The first thing that became obvious were a series of faint carved lines above the single cup-mark.  Initially these didn’t seem to merit much attention (straight lines on rock are usually more the product of geophysical action than that of humans), but as the rock got wetter, Paul saw something very distinct indeed.

“There’s a face on it!” he exclaimed.  And indeed there was.  A Rorschach response no doubt, but it was still very much like a face.  This looked for all the world akin to the stylised olde English gentry sort of countenance, as in old cartoons.  It was quite ‘distinct’, as such characters themselves insist on being!  Yet around this initial face, more lines seemed to be emerging as the stone gave up more and more of its hidden story.

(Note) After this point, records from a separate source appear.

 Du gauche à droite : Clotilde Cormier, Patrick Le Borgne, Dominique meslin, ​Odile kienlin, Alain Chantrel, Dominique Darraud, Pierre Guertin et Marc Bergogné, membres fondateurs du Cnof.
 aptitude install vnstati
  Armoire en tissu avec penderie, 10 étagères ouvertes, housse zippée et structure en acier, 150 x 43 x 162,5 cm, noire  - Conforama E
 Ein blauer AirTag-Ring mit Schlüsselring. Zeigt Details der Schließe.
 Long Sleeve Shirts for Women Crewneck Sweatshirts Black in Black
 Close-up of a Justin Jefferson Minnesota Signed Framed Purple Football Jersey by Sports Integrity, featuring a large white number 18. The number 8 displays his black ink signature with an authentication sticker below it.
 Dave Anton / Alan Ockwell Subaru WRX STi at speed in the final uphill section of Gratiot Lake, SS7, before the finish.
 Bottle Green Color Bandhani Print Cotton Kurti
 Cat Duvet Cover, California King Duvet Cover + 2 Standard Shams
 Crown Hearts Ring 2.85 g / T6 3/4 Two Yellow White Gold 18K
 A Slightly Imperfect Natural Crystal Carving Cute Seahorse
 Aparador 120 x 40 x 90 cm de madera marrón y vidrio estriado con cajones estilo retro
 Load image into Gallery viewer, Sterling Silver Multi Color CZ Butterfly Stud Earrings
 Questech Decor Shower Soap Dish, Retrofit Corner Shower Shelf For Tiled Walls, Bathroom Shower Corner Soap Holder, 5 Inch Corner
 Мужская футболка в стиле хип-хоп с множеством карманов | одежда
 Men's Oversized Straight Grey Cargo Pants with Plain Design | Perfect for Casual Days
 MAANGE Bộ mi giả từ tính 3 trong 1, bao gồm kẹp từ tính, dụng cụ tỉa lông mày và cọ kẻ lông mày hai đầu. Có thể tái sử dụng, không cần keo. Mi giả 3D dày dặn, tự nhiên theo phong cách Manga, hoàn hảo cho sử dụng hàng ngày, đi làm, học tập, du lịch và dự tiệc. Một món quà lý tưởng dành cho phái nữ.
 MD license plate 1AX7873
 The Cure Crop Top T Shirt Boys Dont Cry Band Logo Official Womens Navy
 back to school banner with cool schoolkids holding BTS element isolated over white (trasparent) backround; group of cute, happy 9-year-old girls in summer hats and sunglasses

Standing back from an initial investigation, the carving was seen to consist of a triple-ring, but without the traditional ‘cup’ in its centre.  Instead, the centre was marked simply by a small ‘dot’—perhaps, originally, being a small conglomerate hole formed as a result of another tiny harder fragment of stone falling away from its larger mass.  But a ‘dot’ it was.  The other carved ‘lines’ however, immediately below and attached to the triple-ring, gave us something almost unique—and another strong Rorschach response.  As the photos clearly show, we have a distinct second ‘face’ made up of the same lines but in a quite different form.  This ‘face’ has all the attributes we usually associate with pictures of mythical spirits, demons, or a mask—hence the name!

Paul took a series of fine photos, hoping that he could catch the image that our eyes could clearly see.  And thankfully, his digital camera brought the image to life even better than our eyes did!  The ‘mask’ is comprised of carved lozenge forms, akin to the more decorative ones we find at Kilmartin, and more especially around Newgrange, Ireland.  We sat and talked about this: wondering and working out routes that we’d take over mountains and moors, from Ireland, to Kilmartin, then onto Ballochraggan, etching the same designs onto the rocks hereby and attaching similar mythic notions to them: of shamanism and kingship; underworlds and journeys—paradigms lost and certainly misunderstood in the non-polysemia of many modern academics.

Lozenges and rings
Lozenges and rings

…The stone here was still slightly covered over and, beneath the loose grasses, another feature emerged of another petroglyphic rarity.  At the topmost western side of the  rock a straight line ran across the surface, seemingly marked by the hand of man, with a curious little line almost doubling back on itself for just an inch or so, and then feeling to run down the stone, towards the concentric rings and the face below.  When we stood back and took the photos, this line and its tracer took on a form that I’ve only seen echoed in one of the Netherlargie tombs at Kilmartin, Argyll, 44.4 miles (73km) to the west.  It is very distinct.

Mask Stone04
The beaker, rings & ‘face’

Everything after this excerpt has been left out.